§ **RECORDS FOR THE EXERCISE**
+++

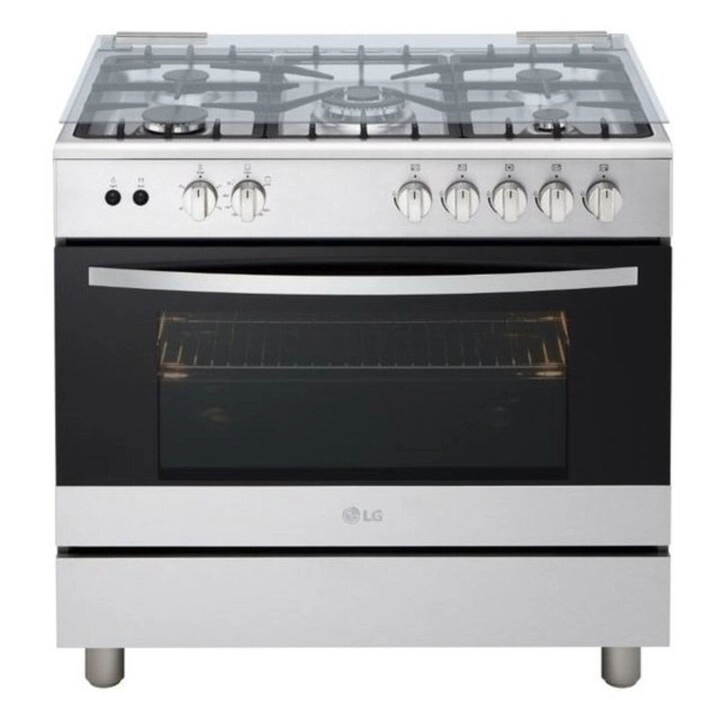 FA415RMA GAS Cooker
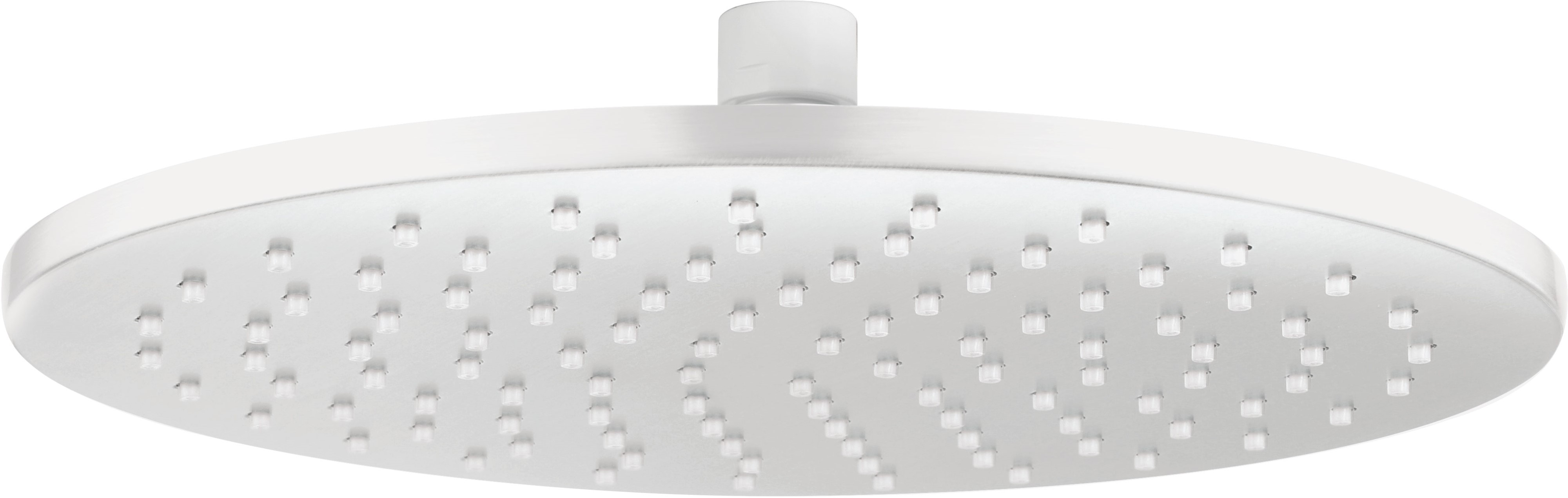 Deante Cascada Handbrause weiß NAC_691K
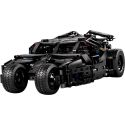 LEGO TECHNIC 42239 Batmobile Tumbler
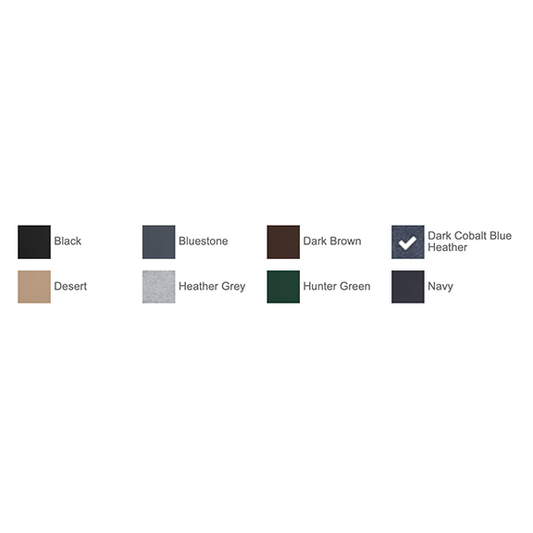 Loparex Carhartt Tall Workwear Pocket Short Sleeve T-Shirt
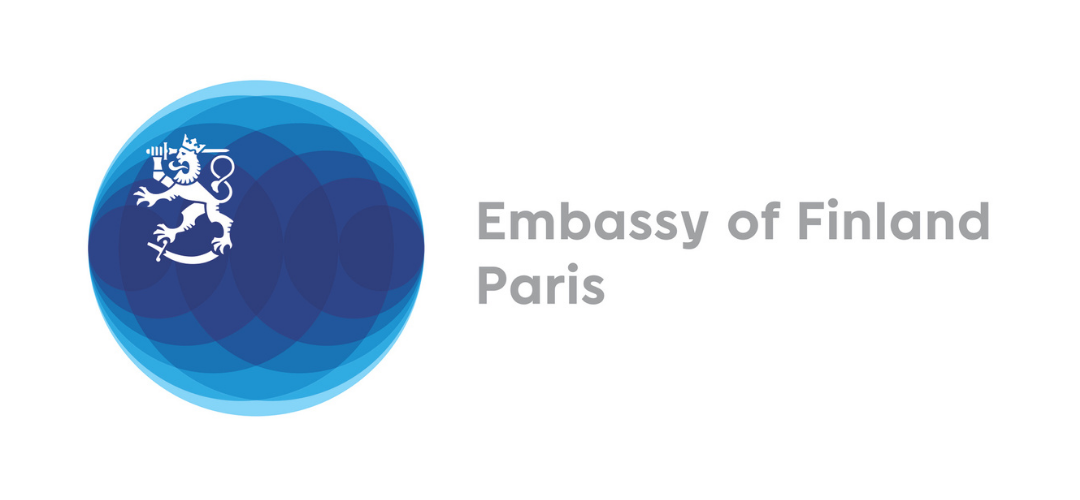 Embassy of Finland Paris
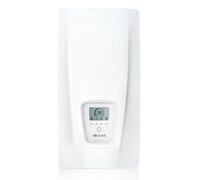 CLAGE DEX Next, Calentador instantáneo confort electrónico, 18 - 27 kW / 400 Vol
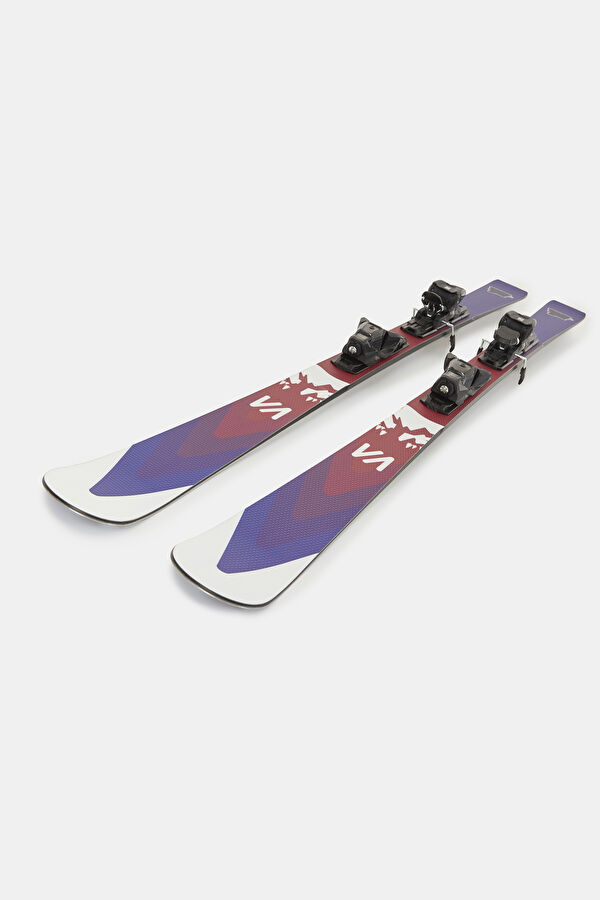 Multicolor Outdoor Sport 3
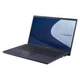 Ноутбук ASUS ExpertBook L1500CDA- EJ0733, 15, 6 Full HD, AMD Ryzen™ 3 3250U до 3, 5 ГГц, 8 ГБ RAM DDR4 2400, 256 ГБ SSD, AMD Radeon, Free Dos, Star Black 256 ГБ - изображение 3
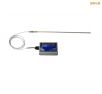 FlashLink® 2.4 GHz Wireless ̖(ho)20194 RFӛ - ⲿRTD͜؂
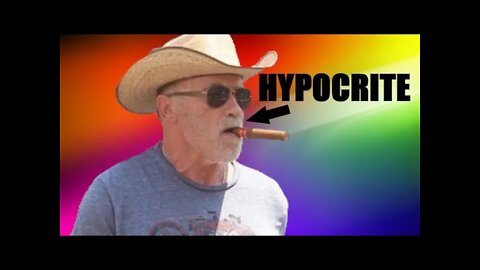 I was BANNED From YouTube for a Week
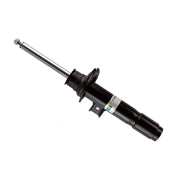 Bilstein 22-238276 - Twintube Strut Assembly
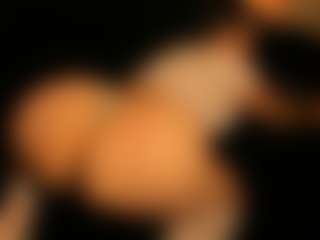 RhondaVines's Live Sex Cam Show
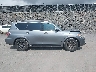 JN8AY2NC9H9****** Used 2017 Nissan Armada in Hawaii State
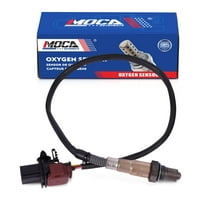 MOCA AUTOPARTS 234-5713 Upstream Oxygen Sensor Fit for 2018-2022 Ford EcoSport 2.0L & 2018-2022 Ford Expedition 3.5L & 2021-2023 Lincoln Navigator 3.5L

+++

§ **ASSIGNMENT**
Would you restate, word for word, the lines from the one holding "I was BANNED From YouTube for a Week" through the end of the material above? Omit the pictures.

§ **SOLVED EXERCISE**
 I was BANNED From YouTube for a Week
 Bilstein 22-238276 - Twintube Strut Assembly
 RhondaVines's Live Sex Cam Show
 JN8AY2NC9H9****** Used 2017 Nissan Armada in Hawaii State
 MOCA AUTOPARTS 234-5713 Upstream Oxygen Sensor Fit for 2018-2022 Ford EcoSport 2.0L & 2018-2022 Ford Expedition 3.5L & 2021-2023 Lincoln Navigator 3.5L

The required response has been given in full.